• **Exercise objective**
Nothing but the lines from the first line of the records through the line with "Conceal + Perfect" should be output, exactly as written and free of pictures.

Short web captions:
----

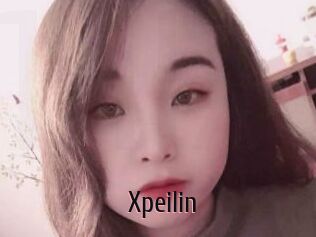 Xpeilin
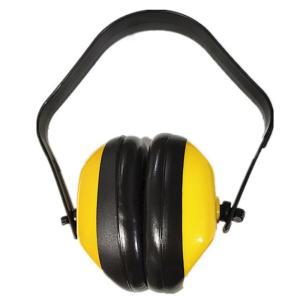 수면 작업장 헤드셋형 귀마개 공장 층간소음 청력보호 공부방 소음방지 독서실 예초기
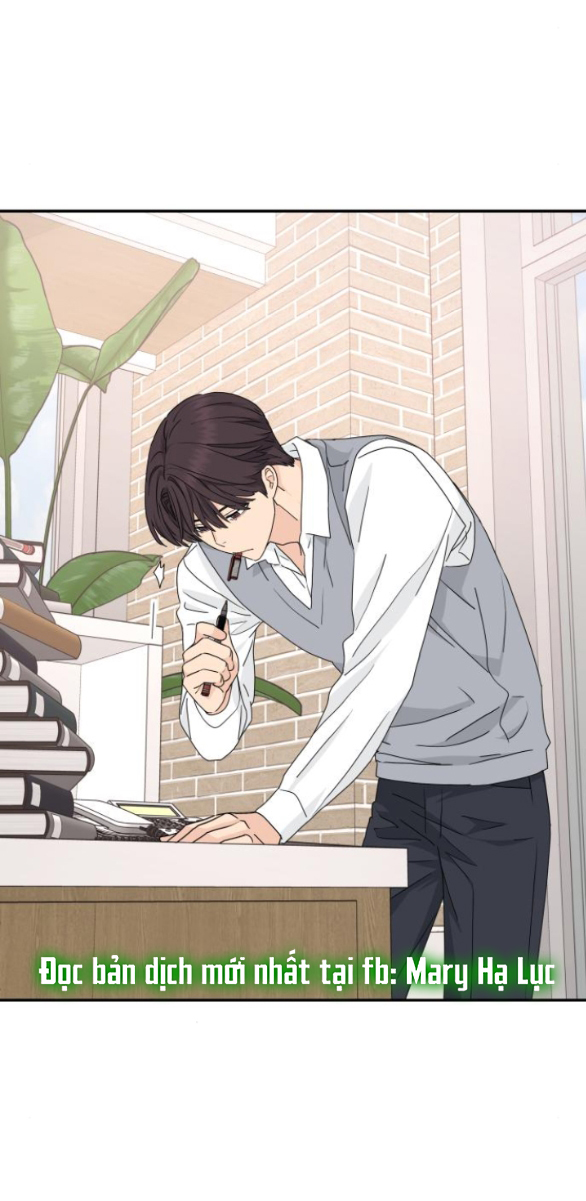 sam yi tái sinh chapter 5.2 19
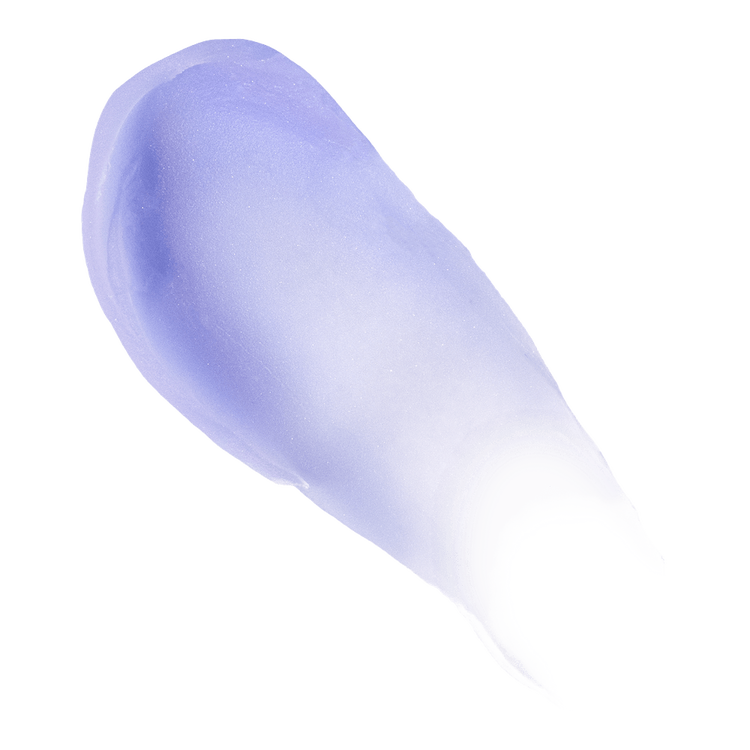 Conceal + Perfect Blur Out - Primer, difuminador de poros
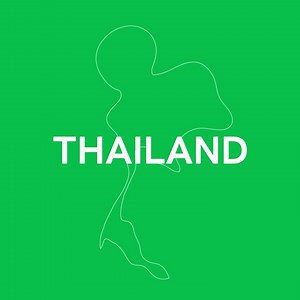 4.6K views · 81 reactions | From seamless payments to exclusive partnerships, LINE Pay has been transforming the way Thailand pays! Watch the journey of our key milestones and see how we’re shaping a cashless future together. | LINE Global | Facebook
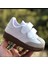Cırtlı Çocuk Spor Ayakkabı Phylon (Hafif) Taban Sneaker 2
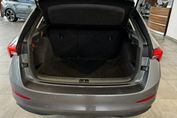 Skoda Scala 1.0 TSI Style DSG
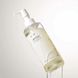 Очищающее масло для лица ANUA Heartleaf Pore Control Cleansing Oil 200 мл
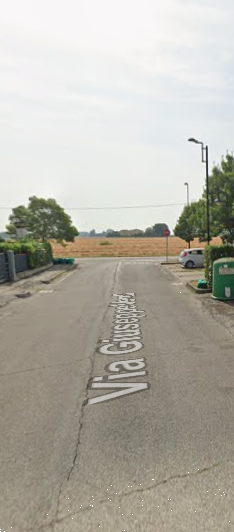 immagine annuncio 4 di 13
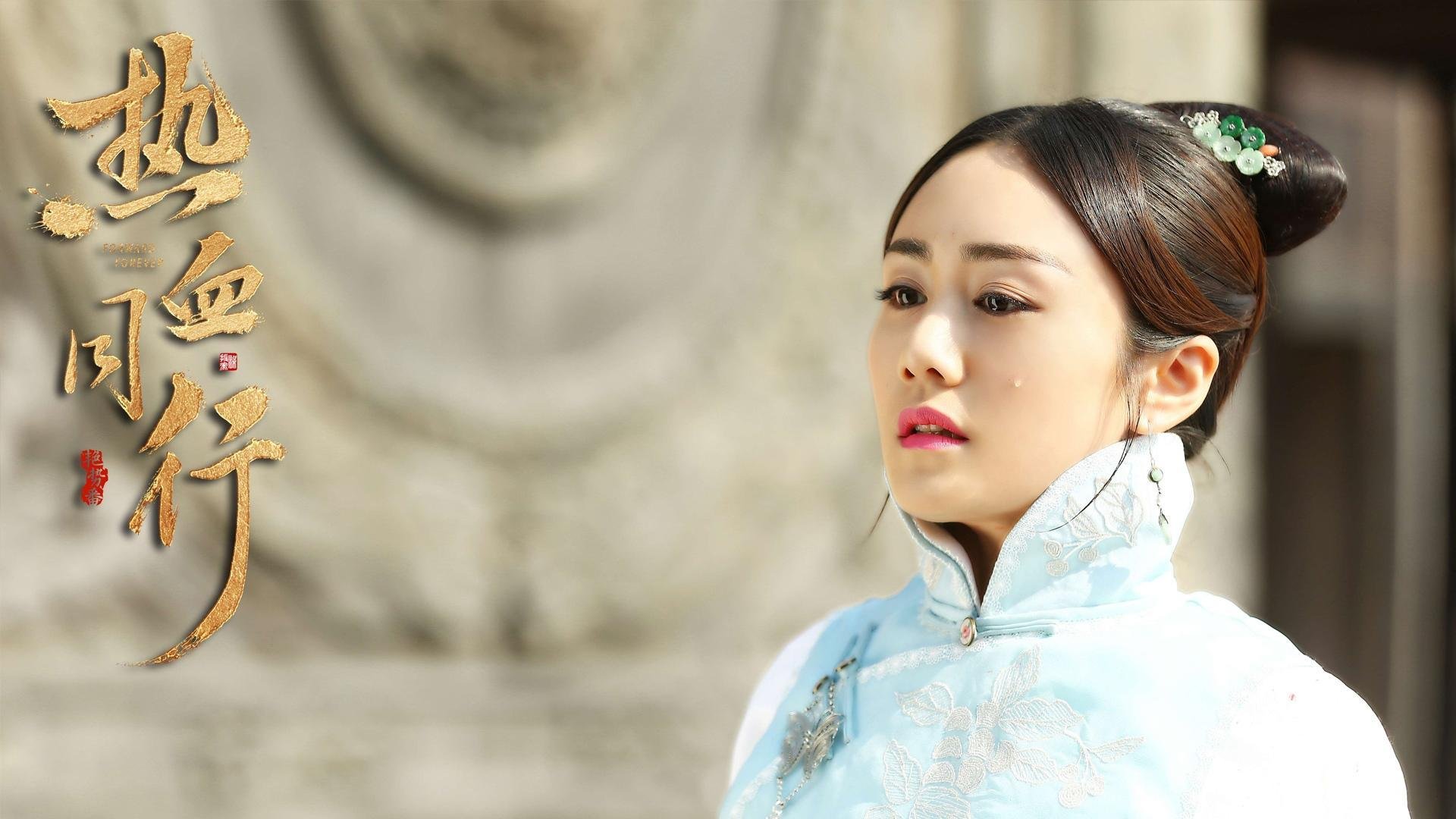 Leyu Sport登录入口-青训中心推广技术测试营标准化选拔优质苗子，青训师认证训练营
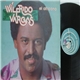 Wilfrido Vargas - El Africano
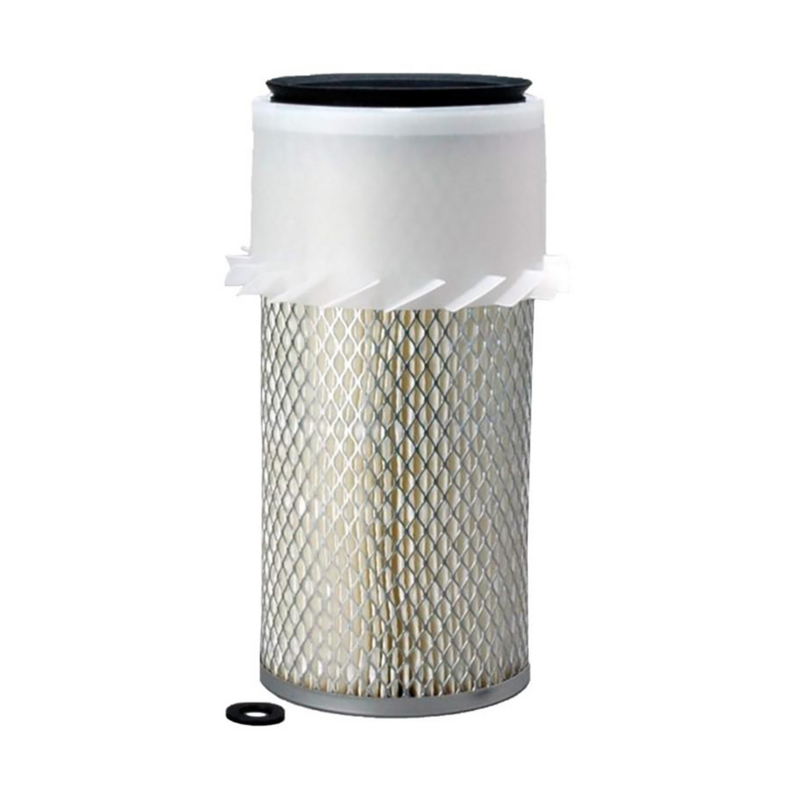 FILTRO ARIA DONALDSON P181052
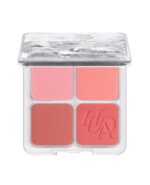 ⁦Blush Filter Blurring Blushlighters Palette⁩ - الصورة ⁦5⁩
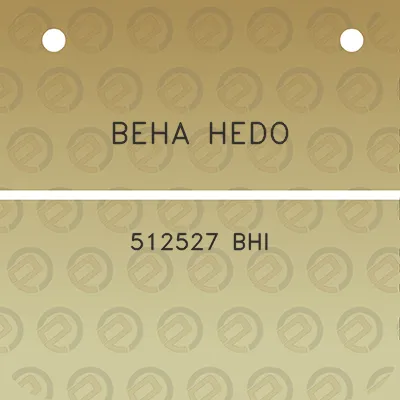 beha-hedo-512527-bhi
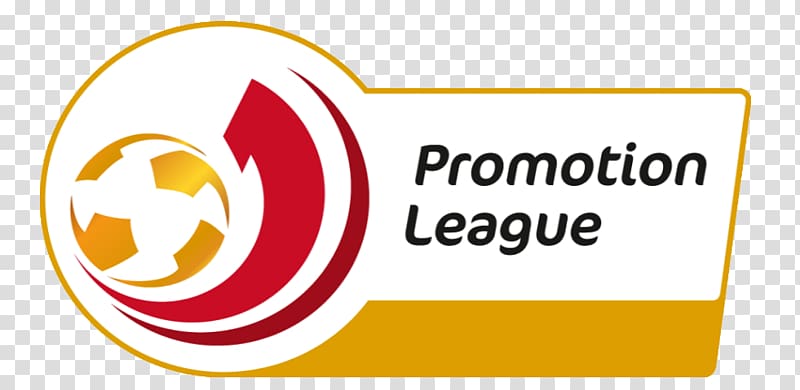 Swiss Promotion League 1. Liga Classic Swiss Super League Swiss Challenge League 2. Liga Interregional, football league transparent background PNG clipart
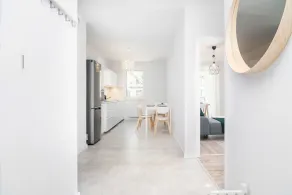 Apartments Tumskie Ogrody by Renters - Image 5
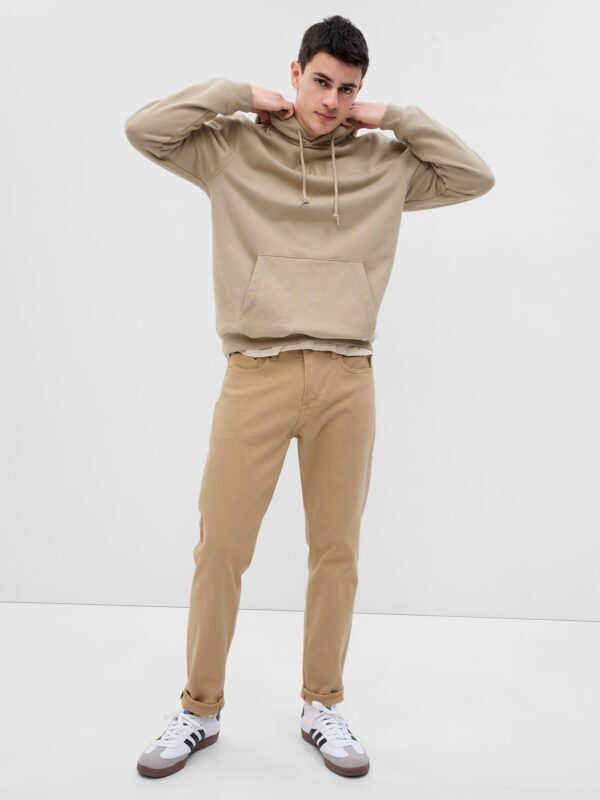 Jeans slim GapFlex - Men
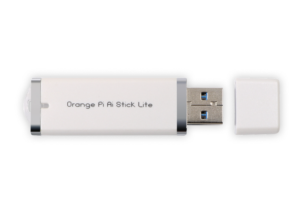 Orange Pi AI Stick Lite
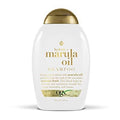 Marula Oil Shampoo, 13 Ounce B24584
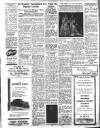 Berwick Advertiser Thursday 03 November 1949 Page 3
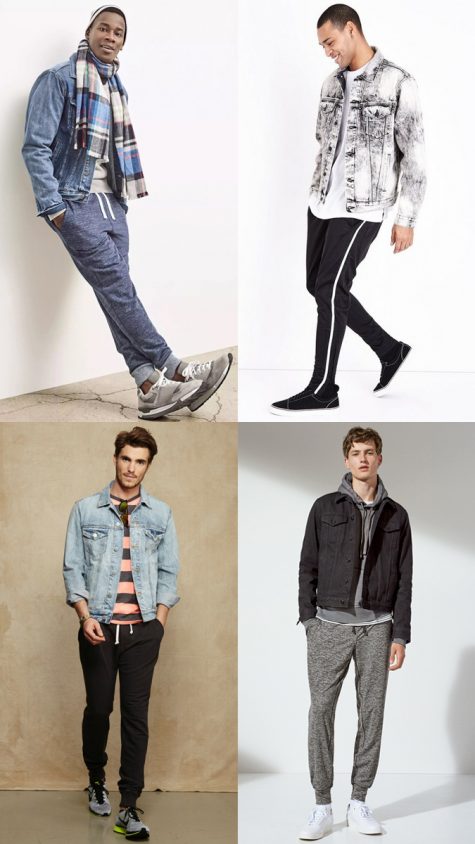 áo khoác jeans nam- elle man (8)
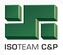 ISOTeam C&P Pte. Ltd.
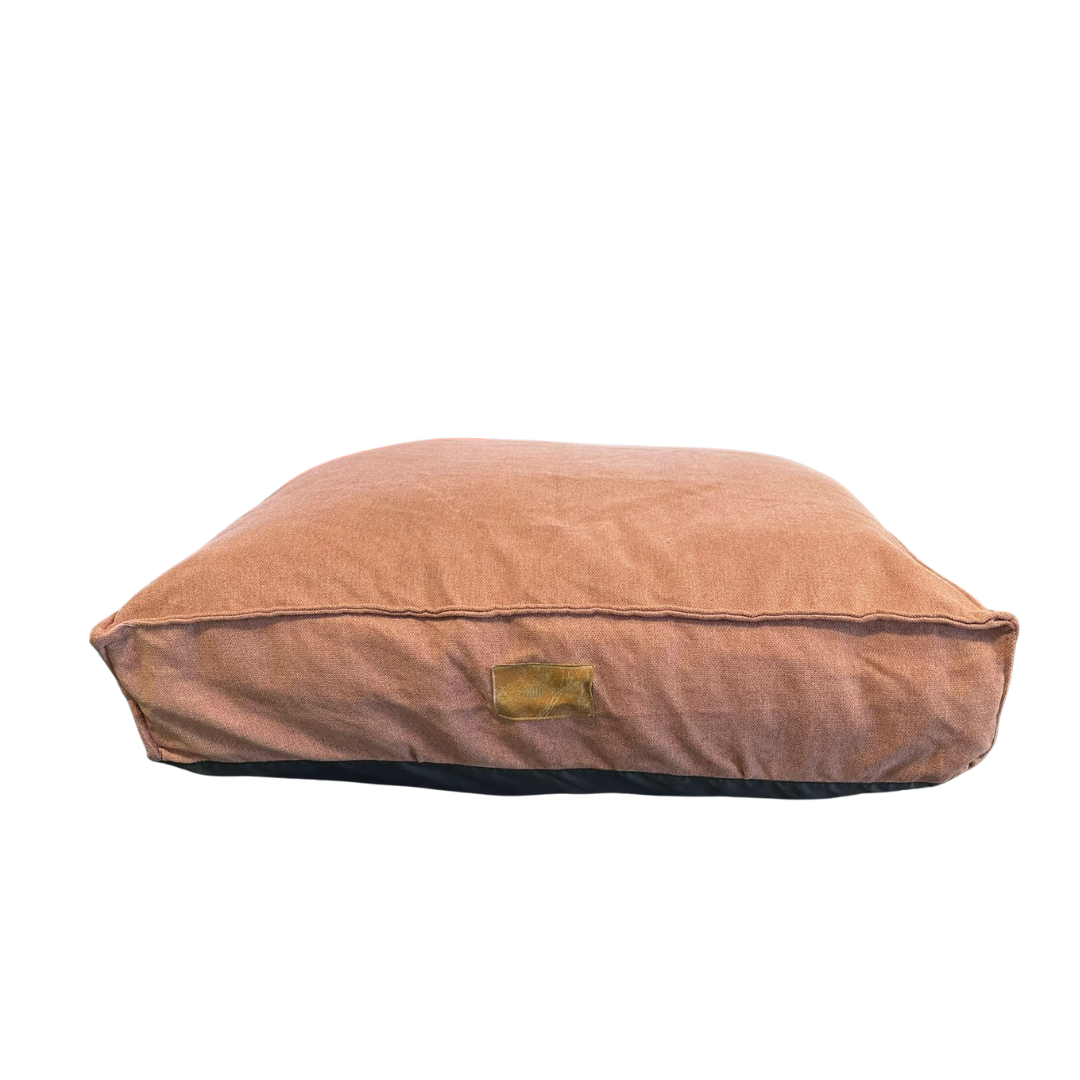 Soho Pet Cama Modelo Cozy Pouff S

----

• **Answer box**
 Xpeilin
 수면 작업장 헤드셋형 귀마개 공장 층간소음 청력보호 공부방 소음방지 독서실 예초기
 sam yi tái sinh chapter 5.2 19
 Conceal + Perfect Blur Out - Primer, difuminador de poros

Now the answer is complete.